Todas esas mujeres sintieron miedo inicial ante las preguntas de la periodista. Adoctrinadas por un sistema castrante únicamente podían expresar su versión oficial, aquella que las habían hecho aprender como a niños en el colegio, así que sus biografías quedaban en segundo plano. Sobre su experiencia real poco podían contar. Su país, su gobierno y su sociedad consideraba sus testimonios demasiado femeninos, maquillados, plagados de detalles que poco importaban tras el heroico final, falsos. En una palabra: indamisibles. Pero finalmente algunas de estas soldados, francotiradoras, enfermeras o desactivadoras de bombas, decidieron hablar con Svetlana Alexiévich sin tapujos. Lloraron, se emocionaron y quebraron la parte de su interior que esconde algunas de su peores miserias dejándolas salir fuera. Por eso “La guerra no tiene rostro de mujer” no es un libro al uso. Es un relato, o mejor, son muchos relatos impactantes, humanos e impagables con un enorme valor testimonial fuera de toda duda.

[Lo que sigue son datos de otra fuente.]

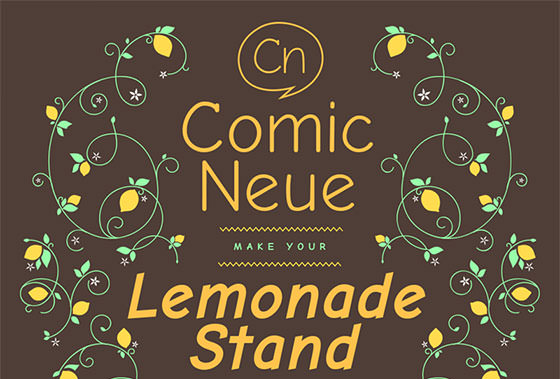 conmic_neue_new_typeface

"La guerra no tiene rostro de mujer". Portada. Editorial Debate, 2015 |
A lo largo de los años Svetlana Alexiévich ha dado voz a los ignoradas por el gobierno de su país. Entre ellas destacan las mujeres de la II Guerra Mundial de “La guerra no tiene rostro de mujer” (publicado en España en 2015 por la editorial Debate), las víctimas del descalabro de la URSS (Los últimos testigos. Cien relatos nada infantiles) , los engañados por la cruenta guerra entre Afganistán y Rusia (Los chicos de cinc) , los silenciados de Chechenia (Fascinados por la muerte) y los invisibles de Chernóbil (su obra más conocida, Voces de Chernóbil).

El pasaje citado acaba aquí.